Once the line containing "Residential Garage Epoxy" has been written out, stop; until then, restate each line of the entries below word for word from the first.

[Stored entries]
━━━
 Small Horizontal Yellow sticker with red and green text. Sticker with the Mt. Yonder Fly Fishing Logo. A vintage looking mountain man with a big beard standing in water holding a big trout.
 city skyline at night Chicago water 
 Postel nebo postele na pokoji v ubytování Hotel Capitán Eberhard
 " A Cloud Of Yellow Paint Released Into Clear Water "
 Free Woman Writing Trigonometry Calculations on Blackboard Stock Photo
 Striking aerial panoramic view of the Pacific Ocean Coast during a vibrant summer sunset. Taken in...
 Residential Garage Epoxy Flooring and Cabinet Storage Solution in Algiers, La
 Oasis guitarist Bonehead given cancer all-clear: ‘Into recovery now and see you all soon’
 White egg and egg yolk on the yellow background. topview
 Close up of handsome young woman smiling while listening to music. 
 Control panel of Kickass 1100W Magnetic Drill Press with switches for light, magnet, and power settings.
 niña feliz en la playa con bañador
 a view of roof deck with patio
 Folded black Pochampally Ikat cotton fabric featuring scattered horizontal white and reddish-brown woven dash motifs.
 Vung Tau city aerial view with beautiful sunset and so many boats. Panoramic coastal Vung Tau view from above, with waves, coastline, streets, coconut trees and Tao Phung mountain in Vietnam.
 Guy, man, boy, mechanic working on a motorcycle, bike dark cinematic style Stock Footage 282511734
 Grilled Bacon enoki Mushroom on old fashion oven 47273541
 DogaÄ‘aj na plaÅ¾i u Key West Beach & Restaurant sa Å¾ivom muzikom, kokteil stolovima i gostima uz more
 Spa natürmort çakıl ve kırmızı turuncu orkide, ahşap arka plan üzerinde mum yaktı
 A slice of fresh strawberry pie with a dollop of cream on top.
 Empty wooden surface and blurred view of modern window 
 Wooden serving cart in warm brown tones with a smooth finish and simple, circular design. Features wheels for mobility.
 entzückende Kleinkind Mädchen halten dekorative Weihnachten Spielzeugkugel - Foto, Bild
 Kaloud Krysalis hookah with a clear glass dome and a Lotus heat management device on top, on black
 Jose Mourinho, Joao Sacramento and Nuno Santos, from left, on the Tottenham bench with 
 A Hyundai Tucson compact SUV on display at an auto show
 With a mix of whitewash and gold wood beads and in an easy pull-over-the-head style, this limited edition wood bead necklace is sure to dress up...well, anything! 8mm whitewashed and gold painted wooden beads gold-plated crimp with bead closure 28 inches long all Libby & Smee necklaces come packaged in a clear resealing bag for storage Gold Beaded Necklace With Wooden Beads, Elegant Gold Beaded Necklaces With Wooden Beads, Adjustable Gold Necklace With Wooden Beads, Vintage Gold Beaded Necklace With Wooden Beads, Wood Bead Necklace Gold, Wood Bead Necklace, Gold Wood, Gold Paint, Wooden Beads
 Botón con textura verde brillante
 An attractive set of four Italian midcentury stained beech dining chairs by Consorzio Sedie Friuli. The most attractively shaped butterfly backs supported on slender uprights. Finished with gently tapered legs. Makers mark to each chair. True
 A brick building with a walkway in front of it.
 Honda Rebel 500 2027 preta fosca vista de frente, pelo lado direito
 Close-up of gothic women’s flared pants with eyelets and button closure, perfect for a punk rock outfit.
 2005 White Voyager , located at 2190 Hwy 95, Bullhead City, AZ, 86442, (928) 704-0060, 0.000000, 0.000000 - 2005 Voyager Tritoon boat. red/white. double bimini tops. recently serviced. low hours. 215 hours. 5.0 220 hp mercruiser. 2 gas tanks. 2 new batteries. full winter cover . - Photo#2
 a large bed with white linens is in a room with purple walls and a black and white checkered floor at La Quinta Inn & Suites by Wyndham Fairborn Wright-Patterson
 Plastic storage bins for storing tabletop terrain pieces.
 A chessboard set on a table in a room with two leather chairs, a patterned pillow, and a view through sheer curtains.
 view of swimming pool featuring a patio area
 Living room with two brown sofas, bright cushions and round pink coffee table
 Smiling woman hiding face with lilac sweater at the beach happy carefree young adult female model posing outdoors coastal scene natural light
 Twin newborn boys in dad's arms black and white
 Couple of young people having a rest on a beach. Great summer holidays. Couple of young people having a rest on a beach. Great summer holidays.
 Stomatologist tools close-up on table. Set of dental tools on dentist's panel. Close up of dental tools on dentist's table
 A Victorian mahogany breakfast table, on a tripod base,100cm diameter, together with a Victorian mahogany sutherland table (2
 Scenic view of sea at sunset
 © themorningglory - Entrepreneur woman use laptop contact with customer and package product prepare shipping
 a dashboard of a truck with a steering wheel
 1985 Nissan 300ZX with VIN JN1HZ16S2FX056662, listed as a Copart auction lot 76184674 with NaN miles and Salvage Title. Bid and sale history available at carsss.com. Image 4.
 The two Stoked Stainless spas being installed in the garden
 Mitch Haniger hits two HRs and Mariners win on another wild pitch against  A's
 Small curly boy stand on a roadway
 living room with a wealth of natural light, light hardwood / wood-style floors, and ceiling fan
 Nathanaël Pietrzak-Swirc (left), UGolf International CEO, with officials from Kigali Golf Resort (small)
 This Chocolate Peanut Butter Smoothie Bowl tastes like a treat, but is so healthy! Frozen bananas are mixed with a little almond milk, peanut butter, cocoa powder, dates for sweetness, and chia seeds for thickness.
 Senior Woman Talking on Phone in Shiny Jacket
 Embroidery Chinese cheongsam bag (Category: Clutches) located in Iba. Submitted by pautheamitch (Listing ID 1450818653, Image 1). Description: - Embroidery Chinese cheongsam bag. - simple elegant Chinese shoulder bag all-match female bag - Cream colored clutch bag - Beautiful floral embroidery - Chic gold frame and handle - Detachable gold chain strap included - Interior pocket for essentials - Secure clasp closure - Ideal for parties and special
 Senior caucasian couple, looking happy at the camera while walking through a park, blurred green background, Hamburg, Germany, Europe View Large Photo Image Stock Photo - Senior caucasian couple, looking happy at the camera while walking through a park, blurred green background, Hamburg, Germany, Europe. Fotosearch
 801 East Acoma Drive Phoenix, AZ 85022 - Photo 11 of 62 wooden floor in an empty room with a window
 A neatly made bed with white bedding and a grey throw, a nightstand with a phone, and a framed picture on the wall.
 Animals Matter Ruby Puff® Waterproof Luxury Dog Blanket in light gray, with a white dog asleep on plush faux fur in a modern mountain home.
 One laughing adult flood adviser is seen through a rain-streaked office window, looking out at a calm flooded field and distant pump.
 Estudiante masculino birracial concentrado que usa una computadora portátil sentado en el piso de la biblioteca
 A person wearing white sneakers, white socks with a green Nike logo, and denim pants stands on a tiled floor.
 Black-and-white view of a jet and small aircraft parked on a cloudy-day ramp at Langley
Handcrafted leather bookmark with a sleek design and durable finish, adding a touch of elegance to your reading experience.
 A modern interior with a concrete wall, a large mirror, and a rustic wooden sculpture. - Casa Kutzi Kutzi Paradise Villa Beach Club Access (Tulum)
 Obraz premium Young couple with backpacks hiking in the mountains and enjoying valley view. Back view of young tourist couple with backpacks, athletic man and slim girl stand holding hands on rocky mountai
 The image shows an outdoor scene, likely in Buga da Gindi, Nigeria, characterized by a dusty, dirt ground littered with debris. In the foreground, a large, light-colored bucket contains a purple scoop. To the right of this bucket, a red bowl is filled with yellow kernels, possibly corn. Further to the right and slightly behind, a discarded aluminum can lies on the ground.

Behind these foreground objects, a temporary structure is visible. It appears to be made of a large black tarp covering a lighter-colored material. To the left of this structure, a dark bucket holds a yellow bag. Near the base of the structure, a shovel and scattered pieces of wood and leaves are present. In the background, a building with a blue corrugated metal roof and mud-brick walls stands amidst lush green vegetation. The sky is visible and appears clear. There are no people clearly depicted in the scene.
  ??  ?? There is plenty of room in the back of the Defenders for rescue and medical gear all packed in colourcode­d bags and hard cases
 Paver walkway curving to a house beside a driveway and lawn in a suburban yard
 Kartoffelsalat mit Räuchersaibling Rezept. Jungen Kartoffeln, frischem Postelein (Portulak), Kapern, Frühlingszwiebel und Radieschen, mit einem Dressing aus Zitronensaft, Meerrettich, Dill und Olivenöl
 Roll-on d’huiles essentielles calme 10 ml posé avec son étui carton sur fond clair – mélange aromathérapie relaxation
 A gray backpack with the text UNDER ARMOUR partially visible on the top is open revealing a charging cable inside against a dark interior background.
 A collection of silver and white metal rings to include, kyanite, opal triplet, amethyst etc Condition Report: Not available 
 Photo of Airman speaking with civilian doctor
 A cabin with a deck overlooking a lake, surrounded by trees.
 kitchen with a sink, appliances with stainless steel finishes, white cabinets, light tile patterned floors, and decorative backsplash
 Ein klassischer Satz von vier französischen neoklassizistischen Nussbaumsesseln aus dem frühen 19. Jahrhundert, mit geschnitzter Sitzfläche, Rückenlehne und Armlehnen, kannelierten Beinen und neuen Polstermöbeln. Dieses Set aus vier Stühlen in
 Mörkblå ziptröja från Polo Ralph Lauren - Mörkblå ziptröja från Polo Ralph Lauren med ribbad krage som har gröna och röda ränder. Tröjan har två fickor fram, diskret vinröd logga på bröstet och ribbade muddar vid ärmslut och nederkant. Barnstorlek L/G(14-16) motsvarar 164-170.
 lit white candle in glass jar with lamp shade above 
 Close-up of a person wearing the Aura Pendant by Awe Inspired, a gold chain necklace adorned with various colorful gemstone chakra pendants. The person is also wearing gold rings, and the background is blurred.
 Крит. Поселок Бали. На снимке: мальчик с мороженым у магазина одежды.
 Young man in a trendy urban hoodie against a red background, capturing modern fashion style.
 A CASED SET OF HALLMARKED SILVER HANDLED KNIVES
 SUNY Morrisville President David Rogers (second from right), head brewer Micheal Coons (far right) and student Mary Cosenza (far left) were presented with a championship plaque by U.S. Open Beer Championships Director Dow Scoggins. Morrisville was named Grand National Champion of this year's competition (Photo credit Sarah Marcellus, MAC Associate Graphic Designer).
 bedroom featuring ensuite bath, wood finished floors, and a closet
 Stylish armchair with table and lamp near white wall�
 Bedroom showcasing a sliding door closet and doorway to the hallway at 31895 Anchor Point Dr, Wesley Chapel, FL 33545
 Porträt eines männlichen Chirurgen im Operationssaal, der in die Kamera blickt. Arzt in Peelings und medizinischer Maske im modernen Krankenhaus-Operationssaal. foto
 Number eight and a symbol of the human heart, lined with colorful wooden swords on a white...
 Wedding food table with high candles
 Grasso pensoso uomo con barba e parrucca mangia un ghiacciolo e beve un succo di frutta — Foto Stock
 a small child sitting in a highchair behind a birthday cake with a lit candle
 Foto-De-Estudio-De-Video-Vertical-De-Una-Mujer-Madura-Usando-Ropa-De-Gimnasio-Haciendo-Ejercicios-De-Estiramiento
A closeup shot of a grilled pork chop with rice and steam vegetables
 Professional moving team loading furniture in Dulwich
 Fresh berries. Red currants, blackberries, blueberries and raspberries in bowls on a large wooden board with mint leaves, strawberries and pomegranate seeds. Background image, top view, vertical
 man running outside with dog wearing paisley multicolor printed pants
━━━
Answer section:
 Small Horizontal Yellow sticker with red and green text. Sticker with the Mt. Yonder Fly Fishing Logo. A vintage looking mountain man with a big beard standing in water holding a big trout.
 city skyline at night Chicago water 
 Postel nebo postele na pokoji v ubytování Hotel Capitán Eberhard
 " A Cloud Of Yellow Paint Released Into Clear Water "
 Free Woman Writing Trigonometry Calculations on Blackboard Stock Photo
 Striking aerial panoramic view of the Pacific Ocean Coast during a vibrant summer sunset. Taken in...
 Residential Garage Epoxy Flooring and Cabinet Storage Solution in Algiers, La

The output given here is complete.